Just joined this forum and I'm also looking at the new 50-500 OS. My main interest is in motor sport - mainly bikes- and can't make my mind up between the new 50-500OS sigma, Sigma 150-500 OS, Tamron 200-500 or maybe a 2nd hand 300mm F2.8 prime. I used a Nikon 70-300vr last year and found the 300mm a bit short of reach at some tracks which is the reason I'm looking  for that extra 200mm. If I do decide on the 2nd hand route and primes, I'll also need a T/C which will loose me a stop so I'm undecided. What do you think of my situation, what would you do? My budget is no more than £1500

I've just bought a 2nd hand Nikon D300 with a MB-D10 battery grip which is going to give me 8fps which is a serious upgrade from my D80 at 2.5fps. This camera deserves good glass!

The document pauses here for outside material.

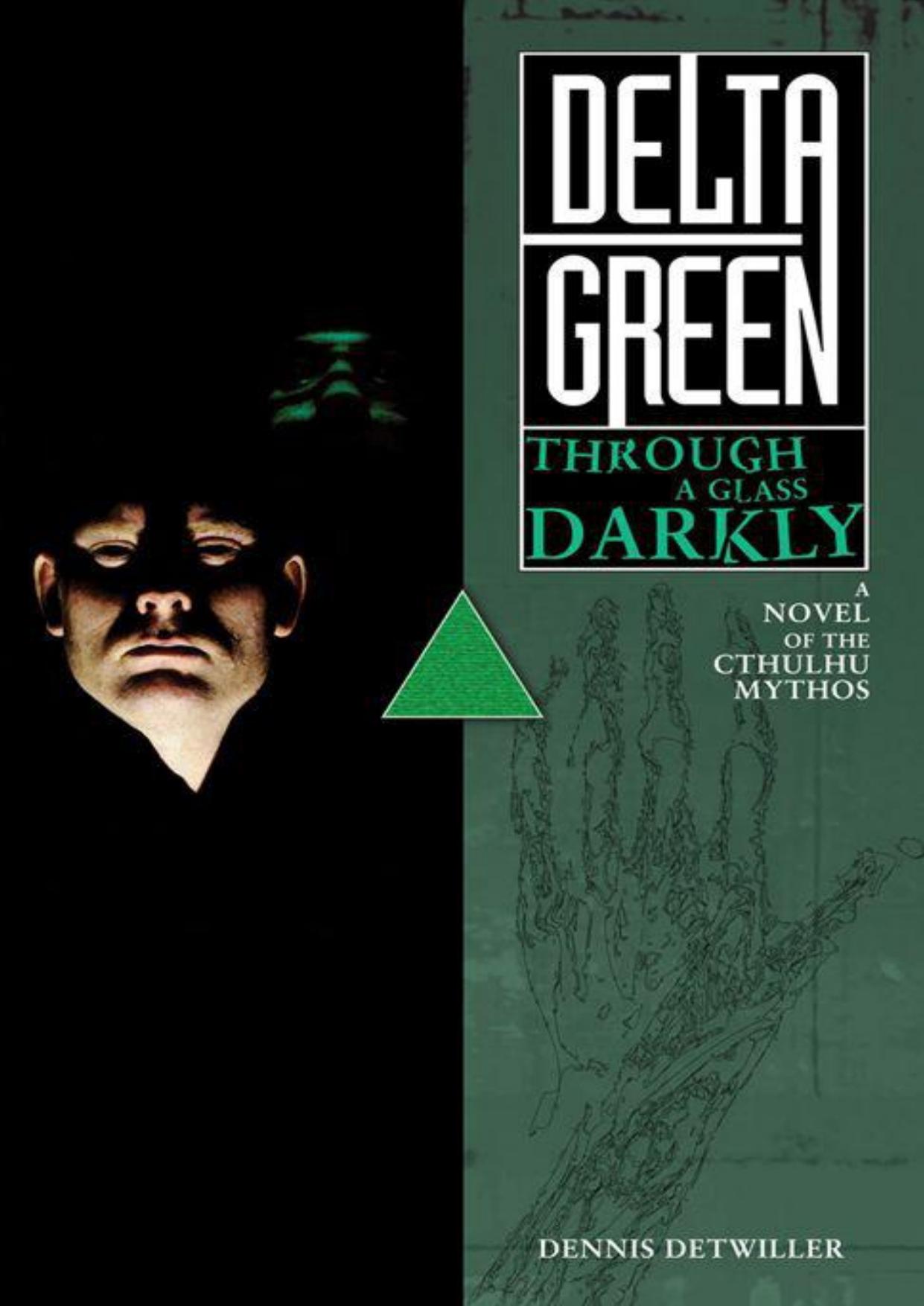 Delta Green Through a Glass Darkly Call of Cthulhu Fiction Hardcover Limited Edition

Thanks everyone and hello btw!!!!!!!


----------



## icassell (Apr 1, 2010)

I'm watching and waiting.  The 150-500 has a better reputation than the Tamron 200-500.  The 50-500 has reportedly better optics than the 150-500 but, up till now, didn't have OS.  Maybe this will make the bridge.


----------



## Ian C. (Apr 1, 2010)

icassell said:


> I'm watching and waiting.  The 150-500 has a better reputation than the Tamron 200-500.  The 50-500 has reportedly better optics than the 150-500 but, up till now, didn't have OS.  Maybe this will make the bridge.



Hi Ian, thanks for the welcome by the way. Seems I Can't send PM's just yet.

I found a copy of What Digital Camera from June last year which ran a comparison test between the Sigma 150-500mm & the Tamron 200-500mm. The end result of that test was the Tamron scored 90% and the Sigma 84%. I actually placed an order for the Sigma 50-500mm on Jessops web page, but I recieved and e-mail from them today saying they cannot get any more stock of the 50-500mm therefore cancelled my order - which in turn led me to post my first post on here!!


----------



## icassell (Apr 1, 2010)

Ian C. said:


> icassell said:
> 
> 
> > I'm watching and waiting.  The 150-500 has a better reputation than the Tamron 200-500.  The 50-500 has reportedly better optics than the 150-500 but, up till now, didn't have OS.  Maybe this will make the bridge.
> ...




I have never seen a review which placed that tamron over the sigma 50-500.  Unless you're in a big hurry, I'd wait until the new sigma is out and some reviewers have their hands on it.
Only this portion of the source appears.